Abstract
Pneumatosis intestinalis has been described as an incidental finding in domestic animals and humans where it is associated with human immunodeficiency virus infection among other comorbidities. This report describes emphysematous changes consistent with pneumatosis intestinalis in a simian immunodeficiency virus (SIV) infected rhesus macaque (Macaca mulatta).
Keywords: Pneumatosis cystoides intestinalis, intestinal emphysema, nonhuman primate
Case Report
An 11 month-old intact male Indian-Chinese hybrid rhesus macaque, born at the California National Primate Research Center (CNPRC), was housed indoors and was assigned to a terminal research protocol. All experimental procedures were approved by the University of California Davis (UCD) CNPRC’s Institutional Animal Care and Use Committee (IACUC).
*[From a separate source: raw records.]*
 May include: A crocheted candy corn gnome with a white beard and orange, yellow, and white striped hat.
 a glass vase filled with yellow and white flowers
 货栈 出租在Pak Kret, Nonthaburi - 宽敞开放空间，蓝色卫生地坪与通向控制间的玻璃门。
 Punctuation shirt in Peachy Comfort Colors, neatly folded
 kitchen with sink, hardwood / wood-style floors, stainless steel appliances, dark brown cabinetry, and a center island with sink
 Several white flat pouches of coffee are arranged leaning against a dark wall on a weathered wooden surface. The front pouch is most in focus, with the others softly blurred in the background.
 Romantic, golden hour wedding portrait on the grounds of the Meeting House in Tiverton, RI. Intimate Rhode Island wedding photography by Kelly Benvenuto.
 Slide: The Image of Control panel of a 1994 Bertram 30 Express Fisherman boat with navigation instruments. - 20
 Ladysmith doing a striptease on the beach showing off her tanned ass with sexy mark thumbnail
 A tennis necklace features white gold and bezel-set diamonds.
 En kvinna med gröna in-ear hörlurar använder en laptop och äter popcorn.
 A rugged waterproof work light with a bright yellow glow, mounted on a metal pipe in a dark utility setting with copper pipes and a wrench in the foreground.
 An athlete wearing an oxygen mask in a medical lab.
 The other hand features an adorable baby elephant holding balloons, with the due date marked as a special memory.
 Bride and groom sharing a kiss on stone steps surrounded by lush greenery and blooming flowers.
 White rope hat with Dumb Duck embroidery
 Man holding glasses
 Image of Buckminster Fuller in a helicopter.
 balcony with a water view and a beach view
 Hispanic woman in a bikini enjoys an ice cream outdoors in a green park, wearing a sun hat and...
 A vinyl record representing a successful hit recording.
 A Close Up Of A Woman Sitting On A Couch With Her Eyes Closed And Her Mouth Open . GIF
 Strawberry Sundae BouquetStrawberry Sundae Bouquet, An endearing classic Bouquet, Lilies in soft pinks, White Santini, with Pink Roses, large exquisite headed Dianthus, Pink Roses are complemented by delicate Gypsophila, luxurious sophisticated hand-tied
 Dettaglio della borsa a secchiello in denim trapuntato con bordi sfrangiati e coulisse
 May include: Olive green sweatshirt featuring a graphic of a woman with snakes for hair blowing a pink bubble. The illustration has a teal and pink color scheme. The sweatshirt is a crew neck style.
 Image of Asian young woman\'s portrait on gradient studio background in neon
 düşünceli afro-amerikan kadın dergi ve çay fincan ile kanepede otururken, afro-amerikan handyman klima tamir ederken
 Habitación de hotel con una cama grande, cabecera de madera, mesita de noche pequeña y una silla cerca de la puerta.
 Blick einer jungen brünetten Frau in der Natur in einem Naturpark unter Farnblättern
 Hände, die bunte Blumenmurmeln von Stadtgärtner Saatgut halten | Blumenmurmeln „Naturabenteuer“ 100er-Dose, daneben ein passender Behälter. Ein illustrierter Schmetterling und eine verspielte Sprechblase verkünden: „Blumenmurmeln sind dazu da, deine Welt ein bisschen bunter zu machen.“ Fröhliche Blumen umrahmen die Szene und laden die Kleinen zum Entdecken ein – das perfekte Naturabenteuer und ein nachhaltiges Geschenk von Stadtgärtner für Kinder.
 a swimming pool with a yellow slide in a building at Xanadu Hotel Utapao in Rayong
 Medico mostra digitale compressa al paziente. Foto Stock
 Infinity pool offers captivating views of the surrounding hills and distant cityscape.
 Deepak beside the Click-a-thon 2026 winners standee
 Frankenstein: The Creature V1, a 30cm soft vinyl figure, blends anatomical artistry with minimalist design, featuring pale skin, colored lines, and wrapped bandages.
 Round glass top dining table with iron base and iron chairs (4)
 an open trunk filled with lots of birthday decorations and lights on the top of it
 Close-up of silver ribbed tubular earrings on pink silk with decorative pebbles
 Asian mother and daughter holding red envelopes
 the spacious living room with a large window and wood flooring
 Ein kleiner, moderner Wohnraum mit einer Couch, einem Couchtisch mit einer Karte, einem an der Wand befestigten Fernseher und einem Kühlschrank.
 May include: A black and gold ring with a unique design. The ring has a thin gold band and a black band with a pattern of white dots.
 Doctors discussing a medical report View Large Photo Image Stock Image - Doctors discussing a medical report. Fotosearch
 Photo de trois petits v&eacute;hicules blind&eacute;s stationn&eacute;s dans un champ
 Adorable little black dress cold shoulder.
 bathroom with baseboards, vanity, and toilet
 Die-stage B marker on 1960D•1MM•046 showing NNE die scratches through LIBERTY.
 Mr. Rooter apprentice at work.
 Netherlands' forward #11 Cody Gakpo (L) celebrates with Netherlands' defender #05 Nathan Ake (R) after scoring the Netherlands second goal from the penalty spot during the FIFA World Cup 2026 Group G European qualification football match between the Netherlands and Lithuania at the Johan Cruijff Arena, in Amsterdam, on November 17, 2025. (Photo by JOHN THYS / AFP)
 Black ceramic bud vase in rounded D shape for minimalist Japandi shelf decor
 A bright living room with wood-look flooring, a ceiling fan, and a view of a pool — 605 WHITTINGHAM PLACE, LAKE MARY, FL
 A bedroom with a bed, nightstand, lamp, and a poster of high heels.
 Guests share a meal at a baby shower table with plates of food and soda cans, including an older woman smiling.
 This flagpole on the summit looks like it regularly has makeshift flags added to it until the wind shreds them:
Research was conducted in compliance with the Animal Welfare Act and other federal statutes and regulations relating to animals and experiments involving animals, and it adhered to the principles stated in the 1996 and 2011 editions of the National Research Council’s guide for the Care and Use of Laboratory Animals.[1–2] The facility where this research was conducted is fully accredited by the Association for the Assessment and Accreditation of Laboratory Animal Care International. The animal was infected with virulent SIVmac251 for 12 weeks, had a high viral load (95 million viral RNA copies/ml plasma), reduced CD4+ T cell count (288 cells/μl blood)(mean CD4+ T cells for 22 uninfected juveniles is 703 cells/μl (range 362–1762)unpublished data from CNPRC) and was positive for cytomegalovirus. While on study the animal experienced few episodes of intermittent diarrhea and decreased appetite, and was treated with antimicrobials, probiotics, and fiber supplementation. Although the animal appeared to be clinically stable, it died unexpectedly overnight due to complications from left ventricular hypertrophic cardiomyopathy.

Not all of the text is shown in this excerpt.